Transactions

Implementing fault-tolerant mechanisms can be a significant undertaking for a developer. One way to achieve this is through the use of transactions, which allow multiple operations on multiple objects to be executed as a single unit.

Conceptually, a transaction is either committed (succeeds) or aborted (fails). This allows the application to ignore certain error scenarios and concurrency issues, as the transaction will either complete successfully or be rolled back, ensuring that the system maintains a consistent state. To further ensure the integrity of transactions, the ACID properties (atomicity, consistency, isolation, and durability) are often used. Atomicity helps prevent partial completion of transactions in the event of a fault, while consistency ensures that the data maintains certain invariants. Isolation ensures that concurrent transactions do not interfere with each other, and durability ensures that committed transactions are not lost, even in the event of a hardware failure or database crash.

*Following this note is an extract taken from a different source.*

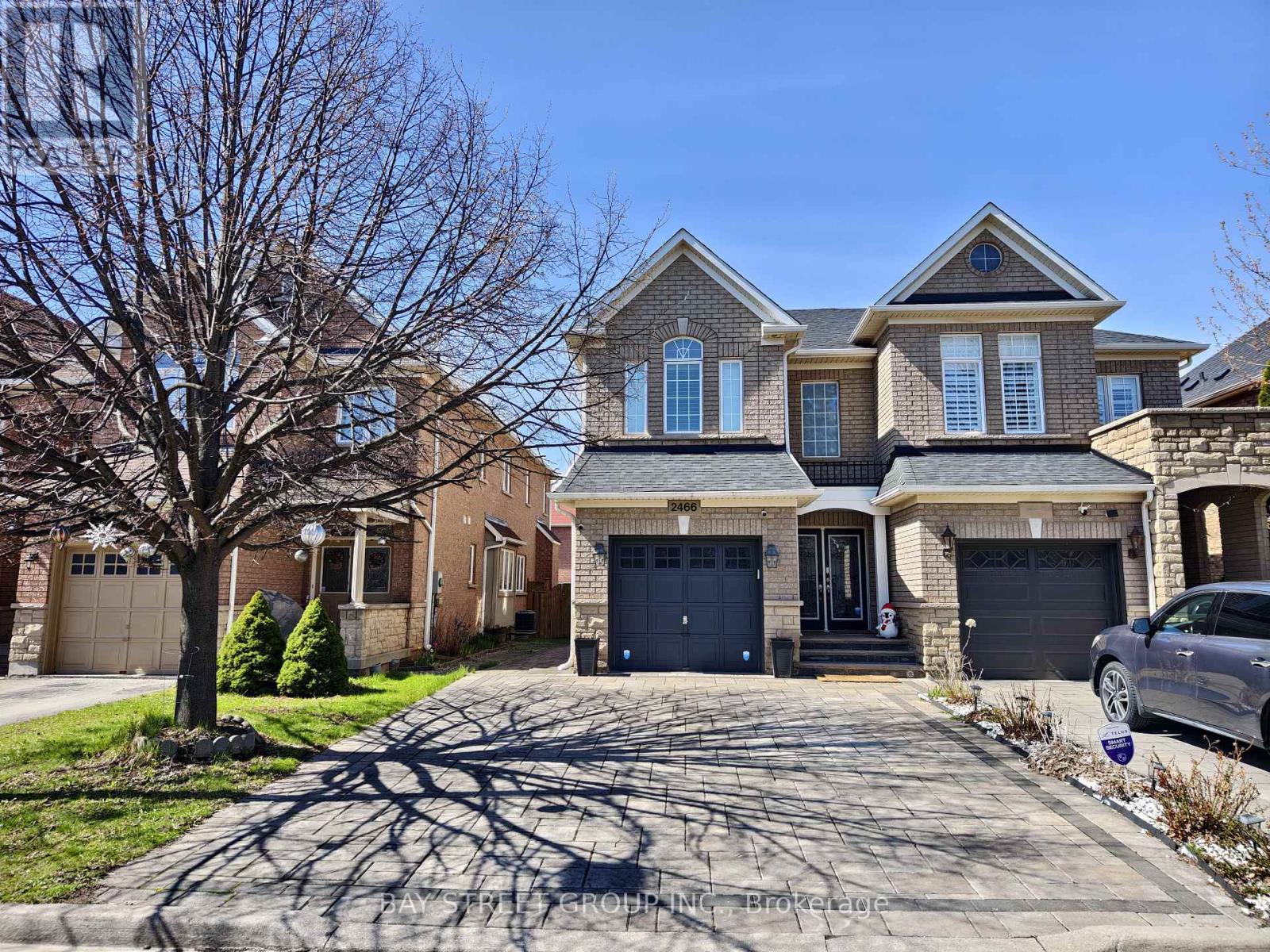 House – 2466 FELHABER CRESCENT, Oakville – photo 2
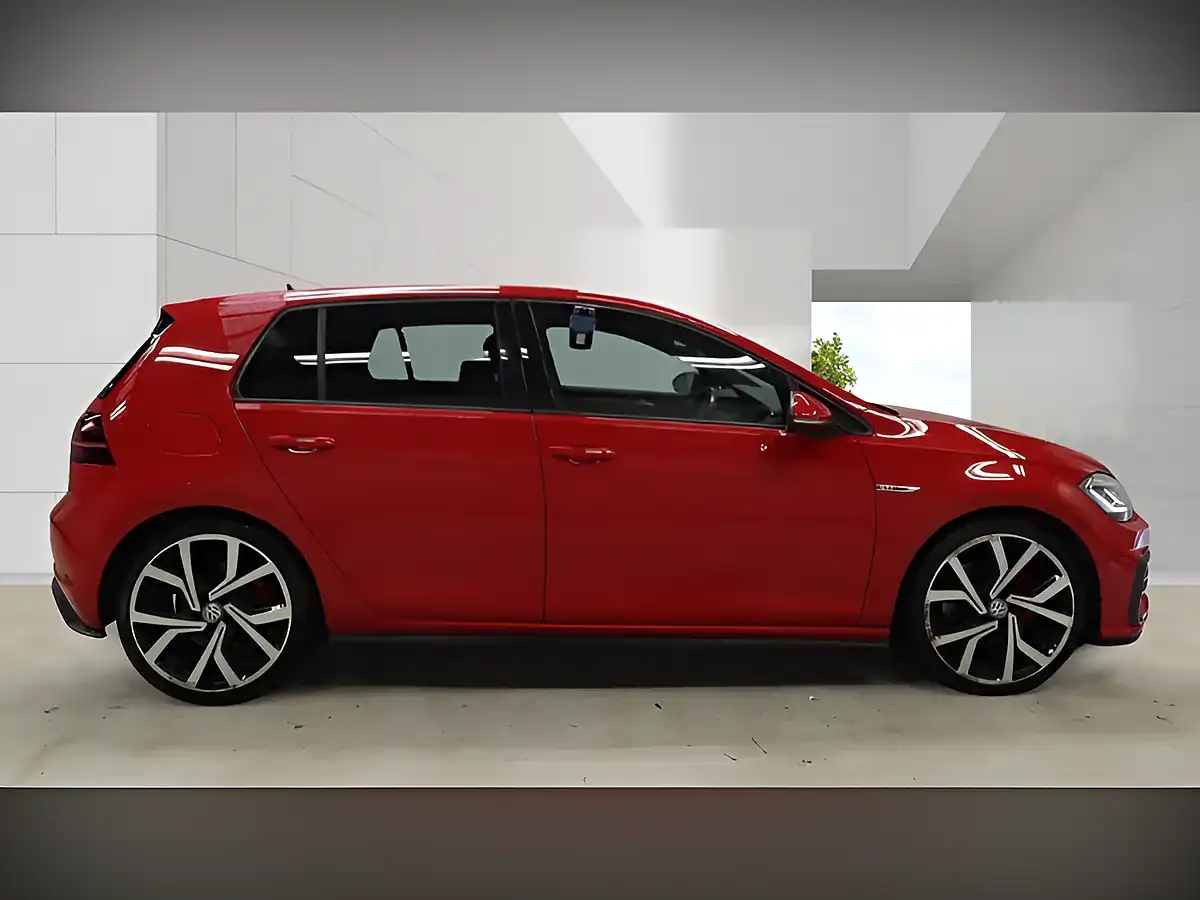 Used 2018 Volkswagen Golf GTI Tornado Red - Interior and Exterior details 5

In systems with leaderless replication, it is the responsibility of the application to handle errors and recover from them. One way to do this is through the use of transaction aborts, which allow for the safe retry of transactions in the event of an error. Overall, transactions are a powerful mechanism for ensuring the reliability and integrity of a system, and their use can greatly simplify the implementation of fault-tolerant mechanisms.

Weak Isolation Levels

Transaction isolation is a feature of databases that aims to hide concurrency issues such as race conditions, which occur when one transaction reads data that is concurrently modified by another transaction, or when two transactions try to simultaneously modify the same data. While serializable isolation provides the highest level of protection against these issues, it comes with a performance cost. As a result, many systems opt for weaker levels of isolation that protect against some concurrency issues, but not all. Let's break down common weak isolation levels.

Read Committed

Read committed is a type of weak isolation level that provides two guarantees:

When reading from the database, you will only see data that has been committed (no dirty reads). This means that you will not see data that is in the process of being modified by another transaction.
When writing to the database, you will only overwrite data that has been committed (no dirty writes). This means that you will not overwrite data that is in the process of being modified by another transaction. To prevent dirty writes, most databases use row-level locks that hold the lock until the transaction is committed or aborted. Only one transaction can hold the lock for any given object at a time.

One potential issue with read committed is that requiring read locks does not work well in practice, as a long-running write transaction can force many read-only transactions to wait. To address this issue, many databases remember both the old committed value and the new value set by the transaction that currently holds the write lock. While the transaction is ongoing, any other transactions that read the object are simply given the old value. This allows read-only transactions to proceed without being blocked by write transactions.

Snapshot Isolation and Repeatable Read

Even when using the read committed isolation level, there are still ways in which concurrency bugs can occur. One such issue is nonrepeatable read or read skew, where temporal and inconsistent results may be seen when reading data at the same time as a change is committed. This can be a problem in situations where temporal inconsistencies cannot be tolerated, such as when taking backups or running analytic queries or integrity checks.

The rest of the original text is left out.